Inúmeras mangabeiras que, mais tarde, desapareceram ao corte das foices e machados assassinos eram ornamentos dos terrenos arenosos.
Os homens ignorantes dos crimes que cometiam transformaram os troncos das árvores raquíticas em caçuás e sacos de carvão vendido na cidade por preços ínfimos.
E eu sei que ainda hoje não parou a devastação. As saborosas mangabas diminuíram. Custo a descobrir dentro das enormes cuias que, antigamente, as pretas velhas conduziam na cabeça oferecendo à porta das casas ricas.
Entre as mangabeiras, desordenadamente, os batiputás surgiam. Os antigos aprenderam com os índios a fabricação do óleo que empregam na cozinha do peixe, dando-lhe gosto especial.
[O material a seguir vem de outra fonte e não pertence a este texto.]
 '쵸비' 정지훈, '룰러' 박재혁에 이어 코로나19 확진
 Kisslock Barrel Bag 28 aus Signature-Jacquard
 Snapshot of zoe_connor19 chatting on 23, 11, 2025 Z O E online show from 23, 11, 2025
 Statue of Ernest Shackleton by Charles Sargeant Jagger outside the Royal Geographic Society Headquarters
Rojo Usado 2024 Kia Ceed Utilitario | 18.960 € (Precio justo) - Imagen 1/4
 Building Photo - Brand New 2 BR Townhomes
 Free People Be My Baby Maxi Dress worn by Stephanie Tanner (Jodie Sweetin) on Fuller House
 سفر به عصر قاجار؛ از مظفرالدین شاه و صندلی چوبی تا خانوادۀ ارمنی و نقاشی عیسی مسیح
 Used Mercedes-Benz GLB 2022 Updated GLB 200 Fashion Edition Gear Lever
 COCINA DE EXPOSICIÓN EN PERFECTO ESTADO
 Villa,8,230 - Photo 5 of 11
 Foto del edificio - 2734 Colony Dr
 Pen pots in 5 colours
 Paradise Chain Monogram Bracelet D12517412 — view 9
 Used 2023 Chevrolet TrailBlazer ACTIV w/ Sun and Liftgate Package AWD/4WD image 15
De quando em vez se erguia um cajueiro florido.
As mangabeiras, as árvores de bati e os cajueiros são as frutas preferidas desses sítios. Somente na proximidade da praia é que se desvendam os altivos coqueiros.
Depois... O tempo correu veloz. Amigos morreram. Não mais existe o professor Mendes, um homem alto e magro, de extrema palidez. Andava sempre de luto e tossia como se a tísica lhe roesse continuamente os pulmões cansados.
Onde está a família Pulga? As meninas envelheceram e abandonaram a praia carregada de filhos. Deixou de fazer rendas a velhinha de cabelos brancos entre cujos dedos esguios os bilros cantarolavam para dormirem ao contacto da almofada de palha.
Isso foi há muitos anos. Eu não passava de uma criança travessa que gostava de apreciar as jangadas e ouvir a história feiticeira dos pescadores.
Os meus amigos pescadores! Mas eles não me acompanham... A paisagem primitiva não aparece perante os meus olhos.
Pirangi no meu tempo de menino era uma praia alegre. As ondas não tinham a irritação das suas irmãs. O mar era suave o tranquilo. Permitia que andássemos, com água pela cintura, 500 metros ou mais sem receios de precipícios e ressacas.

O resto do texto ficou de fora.